Data items:

▬▬▬▬▬▬

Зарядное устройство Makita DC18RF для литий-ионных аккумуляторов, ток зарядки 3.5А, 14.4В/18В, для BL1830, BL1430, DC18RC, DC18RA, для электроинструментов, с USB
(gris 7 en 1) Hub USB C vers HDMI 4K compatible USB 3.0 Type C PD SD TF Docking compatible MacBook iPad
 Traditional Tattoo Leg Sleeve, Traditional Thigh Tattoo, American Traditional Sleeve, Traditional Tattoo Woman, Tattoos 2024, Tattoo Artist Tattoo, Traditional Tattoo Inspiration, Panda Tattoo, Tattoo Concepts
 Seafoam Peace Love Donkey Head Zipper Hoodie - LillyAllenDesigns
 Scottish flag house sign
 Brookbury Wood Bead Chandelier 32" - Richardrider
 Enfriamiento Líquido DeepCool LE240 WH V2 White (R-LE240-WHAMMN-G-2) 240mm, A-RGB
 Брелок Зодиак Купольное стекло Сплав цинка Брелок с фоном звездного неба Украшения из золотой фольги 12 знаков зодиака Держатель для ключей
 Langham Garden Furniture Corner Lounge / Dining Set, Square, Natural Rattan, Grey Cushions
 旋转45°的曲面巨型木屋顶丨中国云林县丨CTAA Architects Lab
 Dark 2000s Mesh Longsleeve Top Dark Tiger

▬▬▬▬▬▬

### EXERCISE DETAILS
What is needed is a full, exact copy of the records.

### YOUR RESPONSE
Зарядное устройство Makita DC18RF для литий-ионных аккумуляторов, ток зарядки 3.5А, 14.4В/18В, для BL1830, BL1430, DC18RC, DC18RA, для электроинструментов, с USB
(gris 7 en 1) Hub USB C vers HDMI 4K compatible USB 3.0 Type C PD SD TF Docking compatible MacBook iPad
 Traditional Tattoo Leg Sleeve, Traditional Thigh Tattoo, American Traditional Sleeve, Traditional Tattoo Woman, Tattoos 2024, Tattoo Artist Tattoo, Traditional Tattoo Inspiration, Panda Tattoo, Tattoo Concepts
 Seafoam Peace Love Donkey Head Zipper Hoodie - LillyAllenDesigns
 Scottish flag house sign
 Brookbury Wood Bead Chandelier 32" - Richardrider
 Enfriamiento Líquido DeepCool LE240 WH V2 White (R-LE240-WHAMMN-G-2) 240mm, A-RGB
 Брелок Зодиак Купольное стекло Сплав цинка Брелок с фоном звездного неба Украшения из золотой фольги 12 знаков зодиака Держатель для ключей
 Langham Garden Furniture Corner Lounge / Dining Set, Square, Natural Rattan, Grey Cushions
 旋转45°的曲面巨型木屋顶丨中国云林县丨CTAA Architects Lab
 Dark 2000s Mesh Longsleeve Top Dark Tiger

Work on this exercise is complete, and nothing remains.